Dark decay of the neutron

TL;DR

This paper investigates a novel neutron decay channel into dark matter particles and a dark photon, analyzing constraints from neutron stars, dark matter detection, supernovae, and cosmology to identify viable parameter space.

Contribution

It introduces a decay mode involving a dark Dirac fermion and dark photon, and delineates conditions under which this scenario remains consistent with existing astrophysical and experimental constraints.

Findings

Decay into dark matter and dark photon can be viable if certain mass and coupling ratios are met.

Neutron star constraints are satisfied for specific dark photon mass to coupling ratios.

Dark photon and kinetic mixing parameters are tightly constrained by detection and cosmological data.

Abstract

New decay channels for the neutron into dark matter plus other particles have been suggested for explaining a long-standing discrepancy between the neutron lifetime measured from trapped neutrons versus those decaying in flight.
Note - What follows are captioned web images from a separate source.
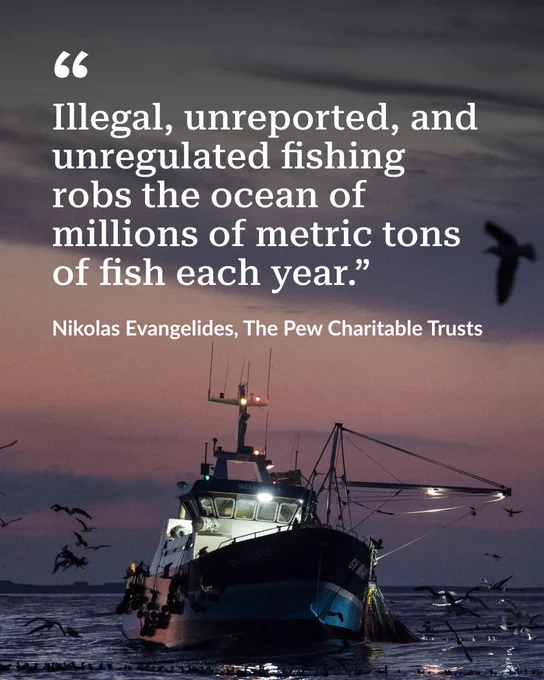 Fishing boat at dusk with birds flying, highlighting the impact of illegal, unreported, and unregulated fishing on ocean fish stocks.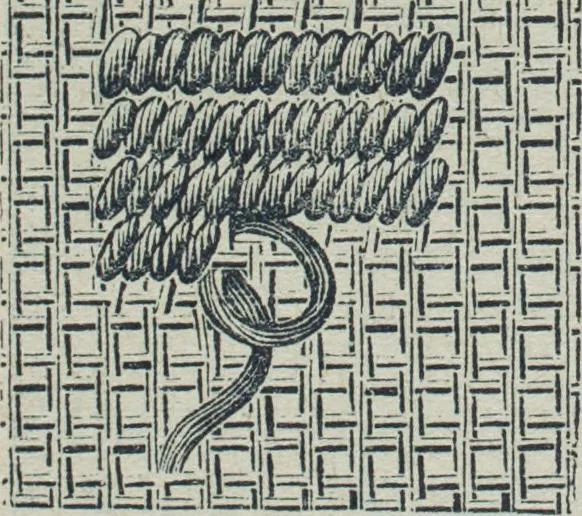 An illustration from Florence home needle-work, 1888, leaf 41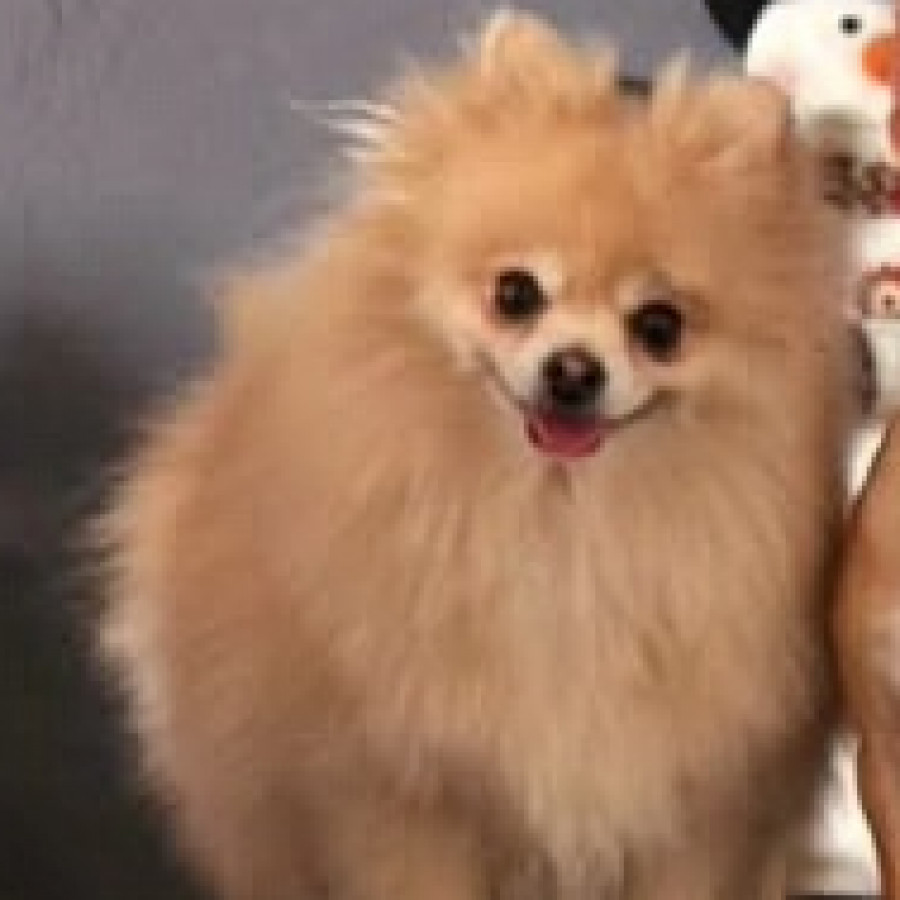 MAGA | Raza Pomerania | Perdida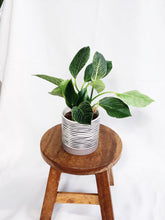 Load image into Gallery viewer, PHILODENDRON BIRKIN IN STRIPES POT
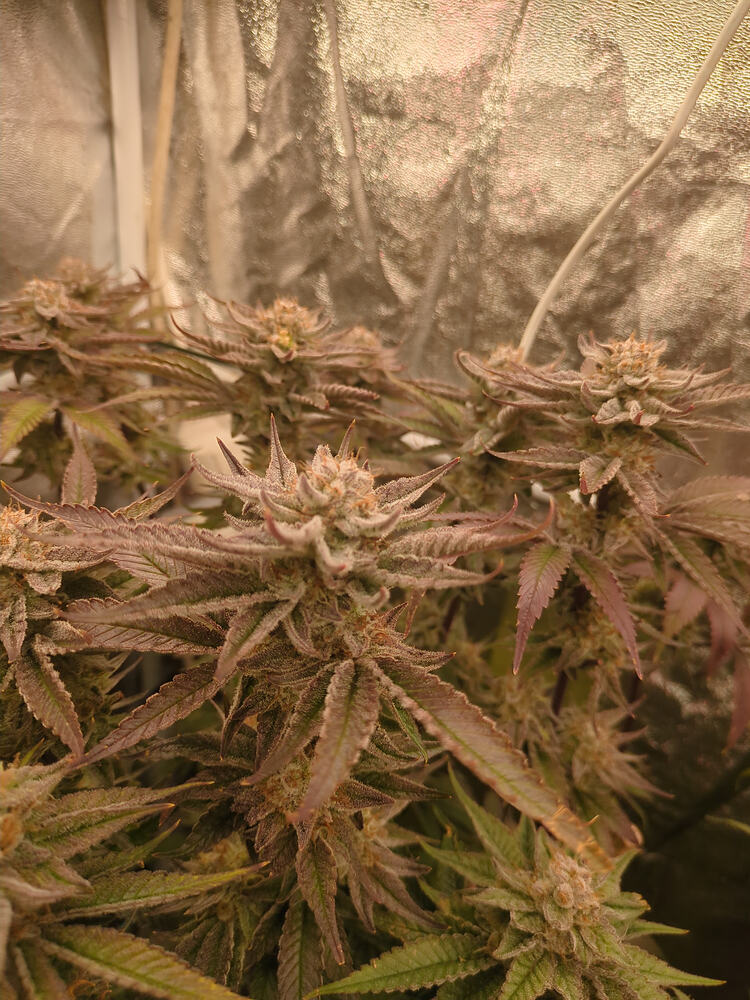 Growreport Bild 11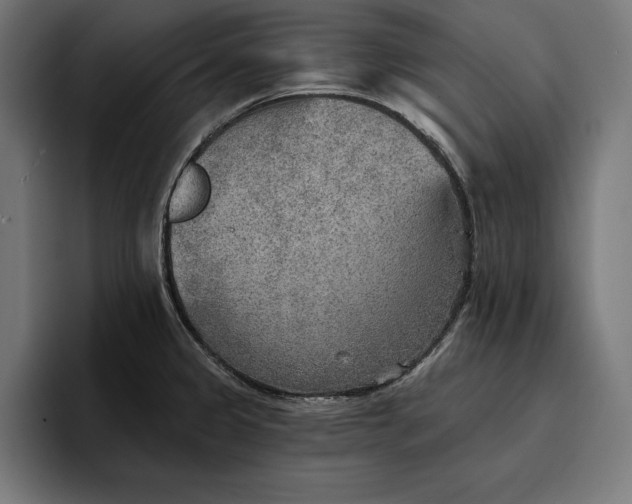 X0000096691333200802191420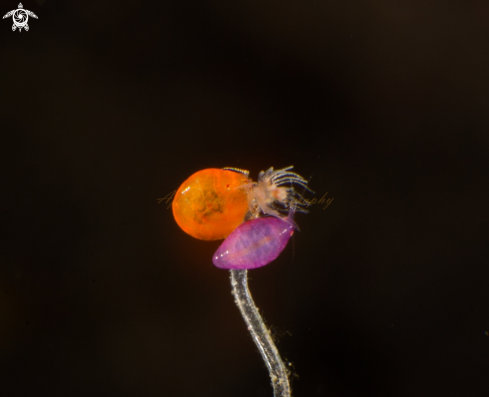 A amphipod  | ladibugs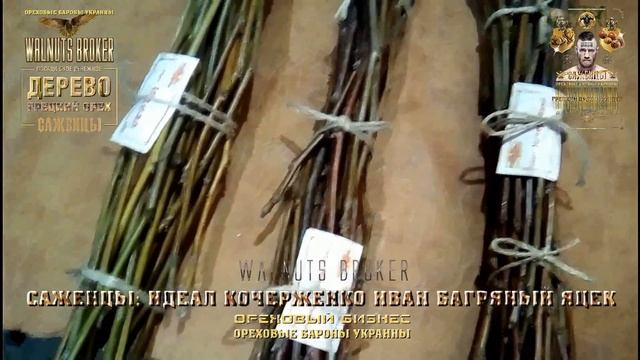 Черенки для перепрививки ореха сорт Кочерженко, сорт Иван Багряный, Walnuts Broker смотреть онлайн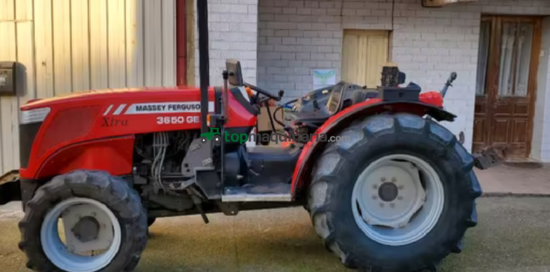 Mini tractor - Massey Ferguson - 3650 GE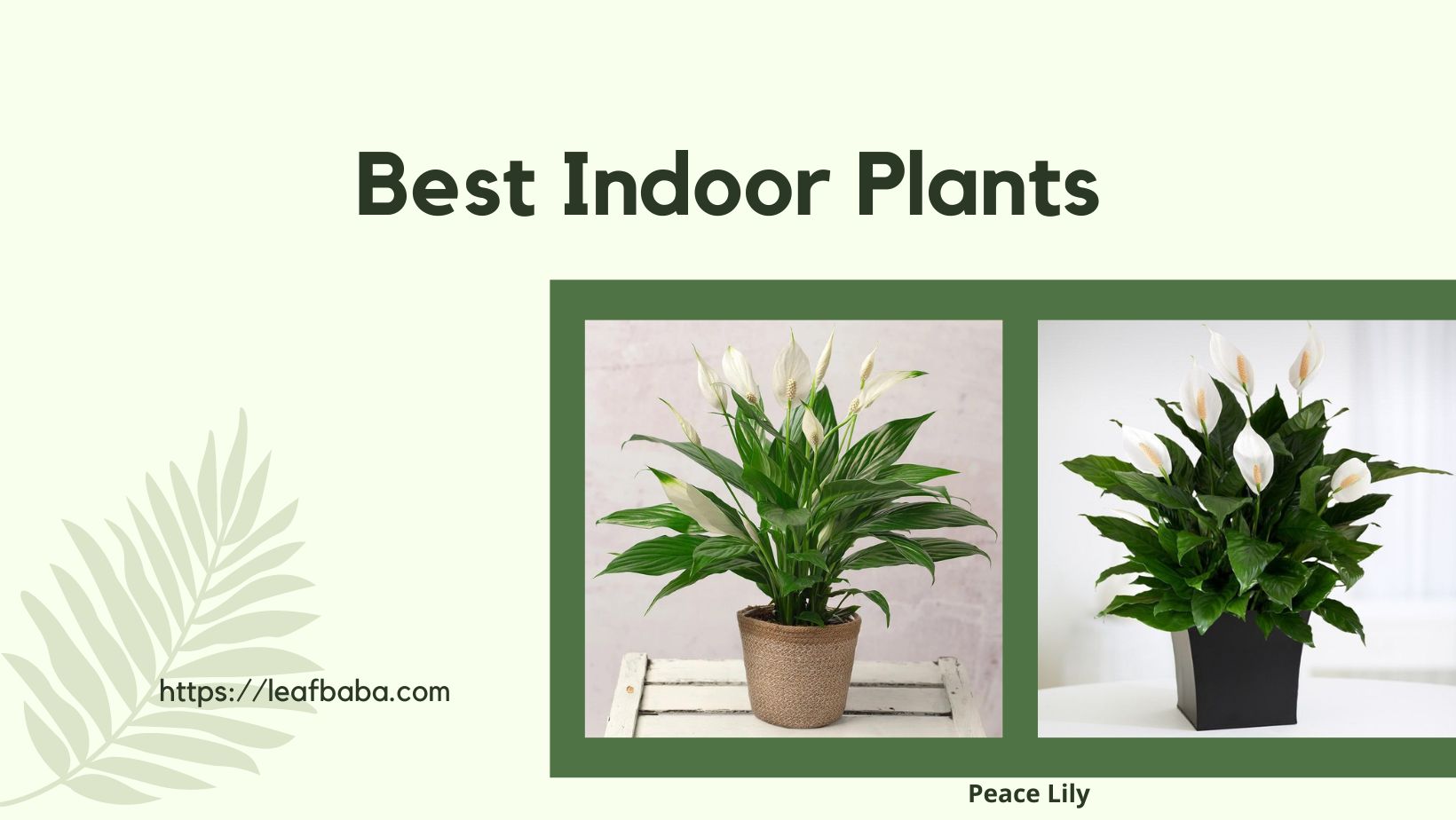 4 Ways to Keep Your Peace Lily Plants Healthy and Beautiful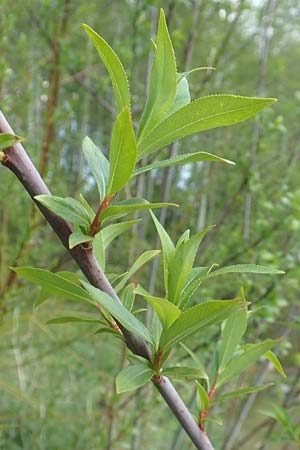 Salix daphnoides / European Violet Willow, D Leutkirch 7.5.2016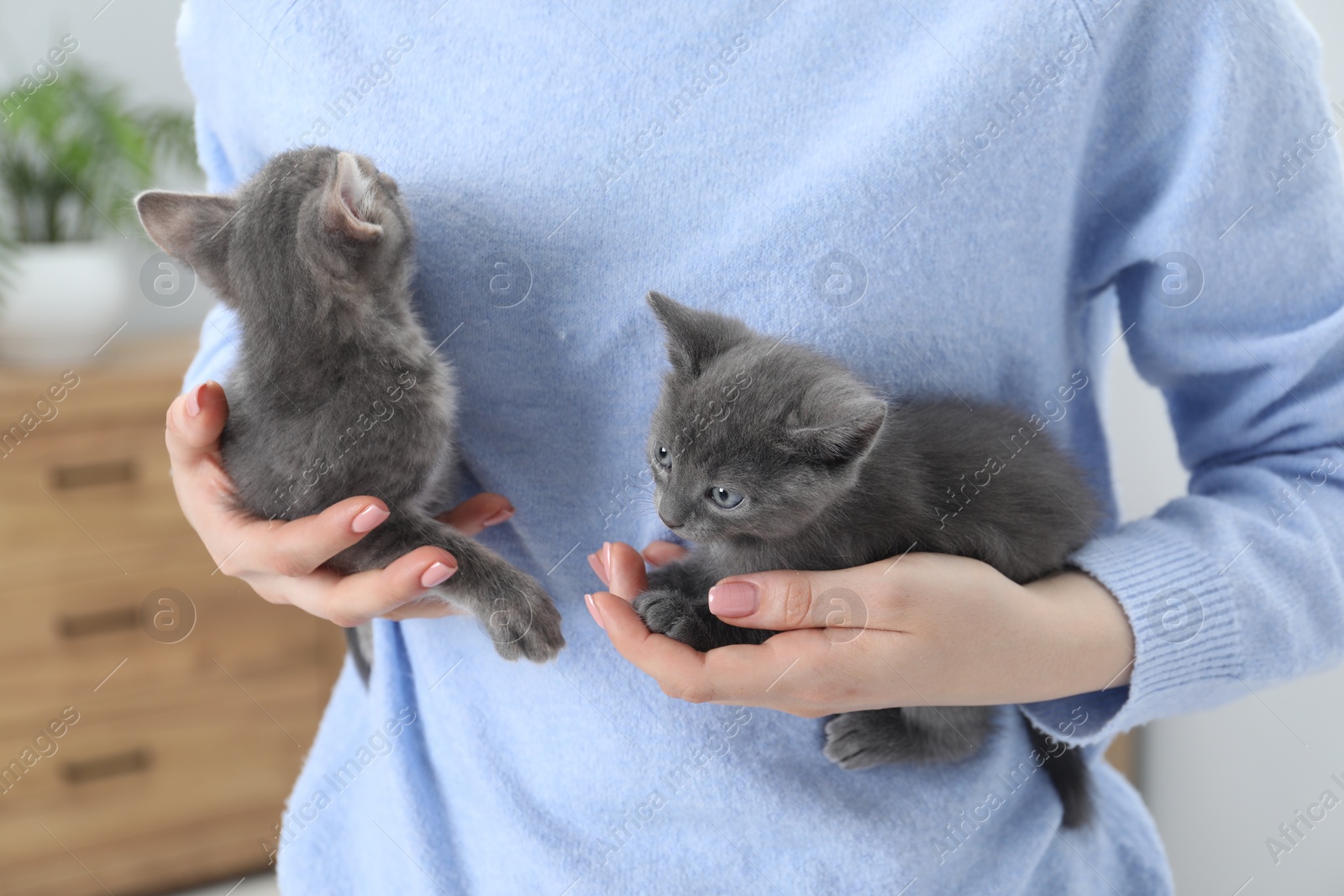 Photo of Woman with cute fluffy kittens indoors, closeup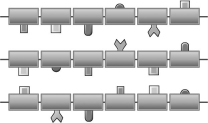 Using hydrolysis, a total of ____________________ water molecules would be required to completely separate the polymer below into individual monomers.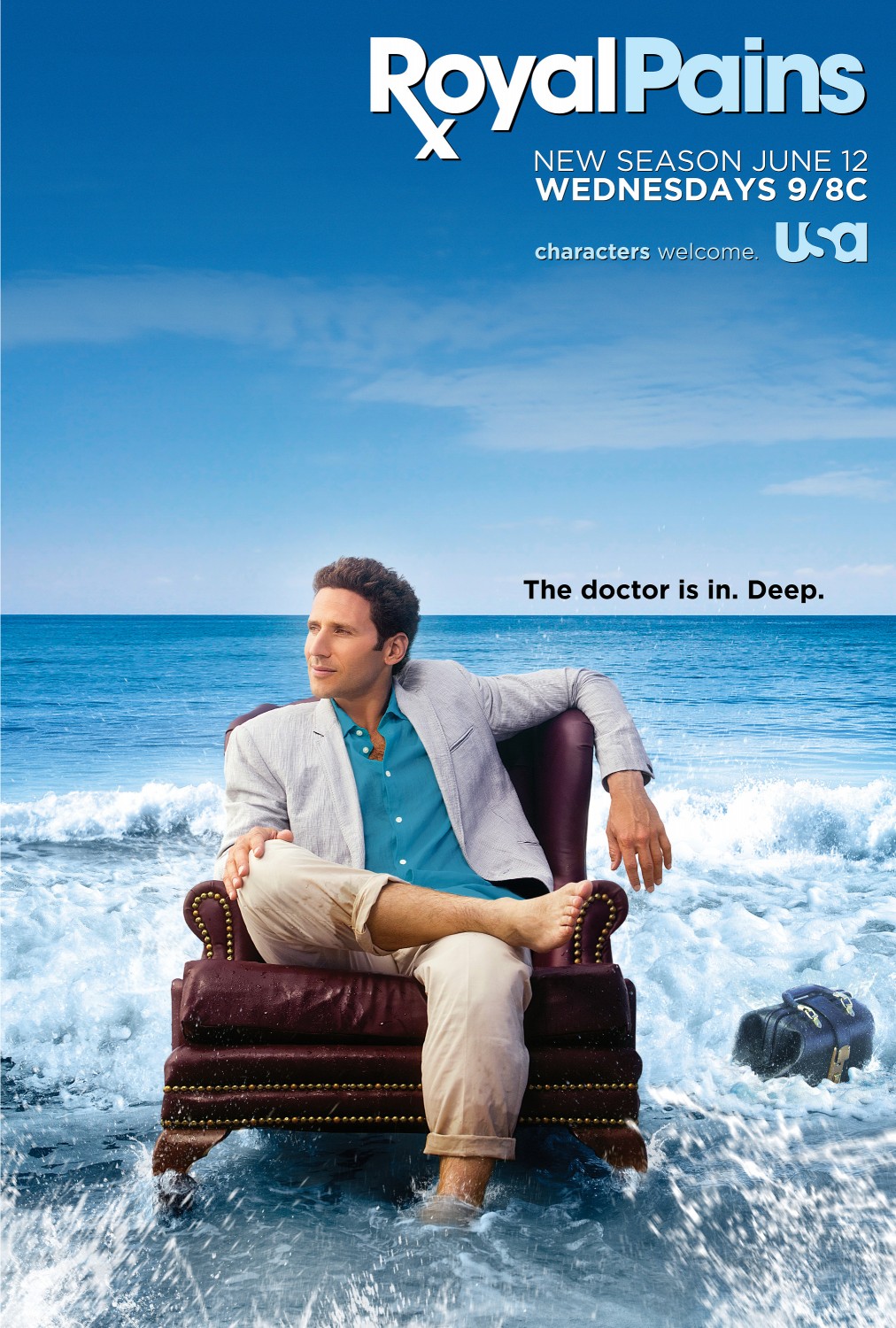 Extra Large TV Poster Image for Royal Pains (#8 of 9)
Many such scenarios are already ruled out by their effects on neutron stars, and the decay into dark matter plus photon has been experimentally excluded. Here we explore the decay into a dark Dirac fermion $\chi$ and a dark photon $A'$, which can be consistent with all constraints if $\chi$ is a subdominant component of the dark matter. Neutron star constraints are evaded if the dark photon mass to coupling ratio is $m_{A'}/g' \lesssim (45-60)\,$MeV, depending upon the nuclear equation of state. $g'$ and the kinetic mixing between U(1)$'$ and electromagnetism are tightly constrained by direct and indirect dark matter detection, supernova constraints, and cosmological limits.